*DATA SHOWN*:
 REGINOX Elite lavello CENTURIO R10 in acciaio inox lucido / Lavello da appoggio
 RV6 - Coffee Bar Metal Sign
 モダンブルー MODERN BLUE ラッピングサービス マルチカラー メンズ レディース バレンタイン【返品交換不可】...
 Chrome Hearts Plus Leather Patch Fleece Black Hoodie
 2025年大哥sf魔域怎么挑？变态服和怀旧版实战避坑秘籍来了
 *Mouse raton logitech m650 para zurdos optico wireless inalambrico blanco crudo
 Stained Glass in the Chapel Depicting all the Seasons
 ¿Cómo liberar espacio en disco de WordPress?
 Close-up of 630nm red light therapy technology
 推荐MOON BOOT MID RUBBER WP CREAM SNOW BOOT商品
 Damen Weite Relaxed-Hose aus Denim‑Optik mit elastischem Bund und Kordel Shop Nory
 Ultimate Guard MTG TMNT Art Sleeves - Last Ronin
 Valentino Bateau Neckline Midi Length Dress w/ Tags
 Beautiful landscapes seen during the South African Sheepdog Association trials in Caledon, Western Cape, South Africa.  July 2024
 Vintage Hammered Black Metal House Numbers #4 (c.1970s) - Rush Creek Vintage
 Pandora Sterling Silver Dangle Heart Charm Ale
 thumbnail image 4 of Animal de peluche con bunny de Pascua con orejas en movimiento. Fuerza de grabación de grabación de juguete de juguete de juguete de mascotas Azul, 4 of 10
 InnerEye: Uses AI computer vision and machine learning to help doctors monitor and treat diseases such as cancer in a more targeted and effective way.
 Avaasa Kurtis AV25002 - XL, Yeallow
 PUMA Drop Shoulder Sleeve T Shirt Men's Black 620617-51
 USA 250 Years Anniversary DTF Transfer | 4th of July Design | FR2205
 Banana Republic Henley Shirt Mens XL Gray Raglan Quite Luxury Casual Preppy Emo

*WHAT THE TASK REQUIRES*: The required answer is the exact run of lines above starting at the line with "2025年大哥sf魔域怎么挑？变态服和怀旧版实战避坑秘籍来了" and ending at the line with "Valentino Bateau Neckline", with both ends present.

*WRITTEN SOLUTION*:
 2025年大哥sf魔域怎么挑？变态服和怀旧版实战避坑秘籍来了
 *Mouse raton logitech m650 para zurdos optico wireless inalambrico blanco crudo
 Stained Glass in the Chapel Depicting all the Seasons
 ¿Cómo liberar espacio en disco de WordPress?
 Close-up of 630nm red light therapy technology
 推荐MOON BOOT MID RUBBER WP CREAM SNOW BOOT商品
 Damen Weite Relaxed-Hose aus Denim‑Optik mit elastischem Bund und Kordel Shop Nory
 Ultimate Guard MTG TMNT Art Sleeves - Last Ronin
 Valentino Bateau Neckline Midi Length Dress w/ Tags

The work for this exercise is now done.